THE INFLUENCE OF SOLIDIFICATION DIRECTION ON THE CET IN ZN-BASE ALLOYS

ALICIA ESTHER ARES; MARÍA VALENTINA OKSENIUK; ELIANA MABEL AGALIOTIS; CARLOS ENRIQUE SCHVEZOV; SERGIO FABIAN GUEIJMAN

Madrid

Congreso; XXII IUCr Congress; 2011

IUCr

Zinc gravity casting alloys can be used for general industrial applications where strength, hardness, wear resistance or good pressure tightness is required. Zinc alloys are often used to replace cast iron because of their similar properties and higher machinability ratings. The composition of hypoeutectic alloys is close to 4%wtAl and their aluminum content is greater than that of eutectic alloys (5%wtAl). All zinc casting alloys have dendritic/eutectic microstructures. However, hypoeutectic alloys solidify with zinc-rich dendrites, whereas hypereutectic alloys solidify with aluminum-rich dendrites. In a solidification process, the microstructure depends on the alloy characteristics and is mainly a function of the temperature evolution ahead the solid/liquid interphase [1-3]. Among the several phenomena occurring during solidification, like solute segregation or morphology stability, one of the most important ones is dendritic growth.
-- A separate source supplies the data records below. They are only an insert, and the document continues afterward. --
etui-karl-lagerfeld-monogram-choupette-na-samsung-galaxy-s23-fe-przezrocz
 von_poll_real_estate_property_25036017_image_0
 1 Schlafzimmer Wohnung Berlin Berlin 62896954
The most important dendrite parameters are the primary, secondary and tertiary arm spacings due to their influence on mechanical properties. An efficient method to examine the evolution of the dendrite arms is related to the application of steady-state directional solidification with an imposed growth rate, V, and a thermal gradient, G, at the solid/ liquid interphase. In this work, Zn-Al (wt%) alloys were solidified under unidirectional solidification in a device cooled with water, in a vertical upward direction (0º), inclined at 30° and 45° to the vertical and in a horizontal upward direction (90º to the vertical). We determined the position of the transition from columnar to equiaxed structure (CET) through macro and micro-analysis, and significant thermal parameters by recording temperature-time data. The results show that the direction of dendrite growth is about that of the heat extraction and that the angle of inclination of the columnar grains with the longitudinal axis of the alloy sample coincides approximately with the angle of inclination of the furnace. The relevance of the problem under study is justified on the basis that the solidification variables, including natural convection, affect the structures of the solid and the formation of defects. The solidification variables are also important for modeling prediction of the structure and property of a given cast piece [3-11]. The results also allow a better understanding of the conditions and mechanisms operating in a solidification with different directions.